Mais il y a plus surprenant encore quand F. M. Bréon reprend les propos écrits de F. Gervais puis cite l’une des conclusions d’un article publié par des chercheurs de l’Institut  Max Planck – article invoqué par les deux « parties » –, pour conclure « les auteurs disent donc exactement le contraire de ce que leur fait dire M. Gervais » . Comment est-ce possible ?!

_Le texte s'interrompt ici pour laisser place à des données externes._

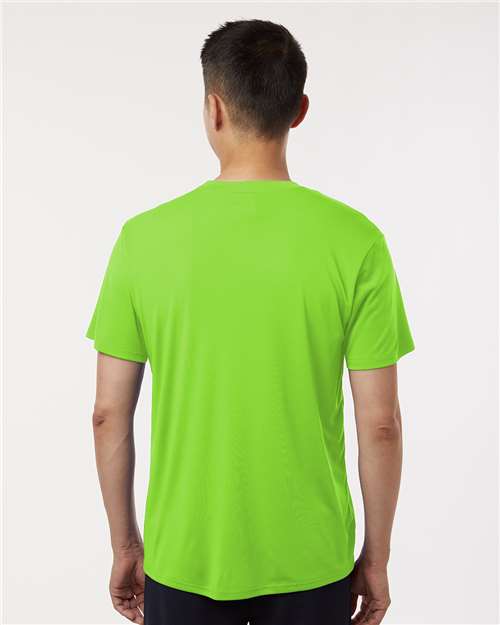48000 - Men's Pro-Lock Performance T-Shirt - AllPro - Image 75
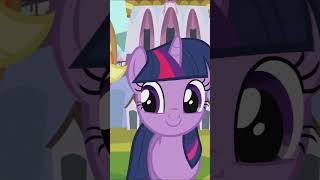 The Success Song Friendship Is Magic My Little Pony Music
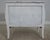 Pair of French Louis XV Style Painted Commode Chests For Sale - Image 18 of 18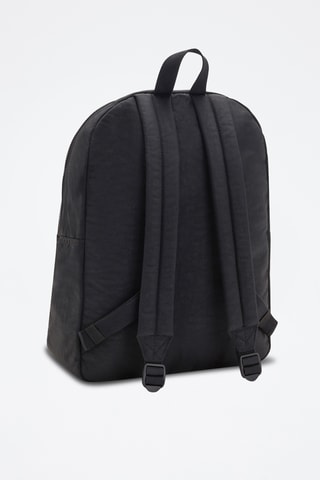 Sac à dos Curtis L - Noir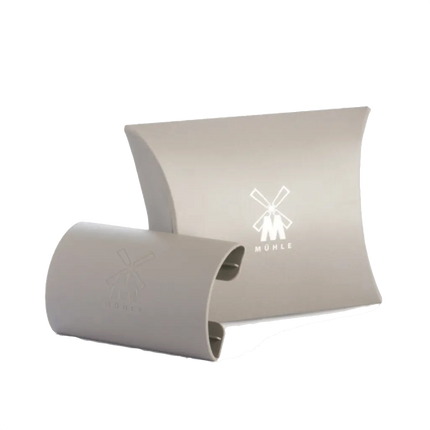 Blade guard for safety razors - BUYBARBER.COM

Et enfin, qui a raison ? Et là, ce n’est plus une discussion de spécialistes (!), mais d’éléments purement factuels :  F. Gervais qui prétend avoir réfléchi à cette question à la demande du Groupe d’experts intergouvernemental sur l’évolution du climat (GIEC) — ce que souligne complaisamment l’éditeur en quatrième de couverture en y mentionnant que l’auteur a été « choisi comme rapporteur critique par le GIEC » —,  ou bien F. M. Bréon qui affirme que « le GIEC n’a jamais invité M. Gervais à faire partie des relecteurs critiques puisque ceux-ci se déclarent volontairement ». On aimerait demander à l’éditeur, comme à tout journaliste ou responsable de presse, s’il a pris soin de vérifier l’information. « Les mots sont des menteurs » écrivait Victor Hugo : seulement les mots ?

Une brève recherche sur le Web permet d’ailleurs de découvrir que la controverse ne s’est pas limitée aux colonnes du Monde : on peut trouver une multitude d’avis, les uns enthousiastes sur l’ouvrage, les autres dénonçant une authentique manipulation systématique de données expérimentales conduisant à une succession de contre-vérités flagrantes.

Que peut retenir le lecteur de cette virulente controverse publique ? D’abord un profond sentiment de malaise devant la confrontation de deux personnes se revendiquant toutes deux de la science mais qui, chacune affirmant s’appuyer sur des données disponibles dans la littérature, parviennent à tirer des conclusions diamétralement opposées.

Ce n’est certes pas la première fois : le passé récent regorge d’exemples où le sensationnel, parfois complice du profit à tout prix,  a imposé sa loi et a conduit à une surenchère médiatique évanouie aussi vite que la mousse était montée. Et à chaque fois, qu’y gagne donc la nécessaire information du grand public sur des questions qui nous concernent tous ? Rien évidemment. Dans tout cela, la grande perdante est la crédibilité de la science dont toute altération, délibérée ou non, est un crime contre l’intelligence : constatant un désaccord entre deux « experts », la tentation est grande de les renvoyer dos à dos, se précipitant ainsi dans la voie d’une négation de la connaissance dont l’ultime perversion s’appelle l’obscurantisme.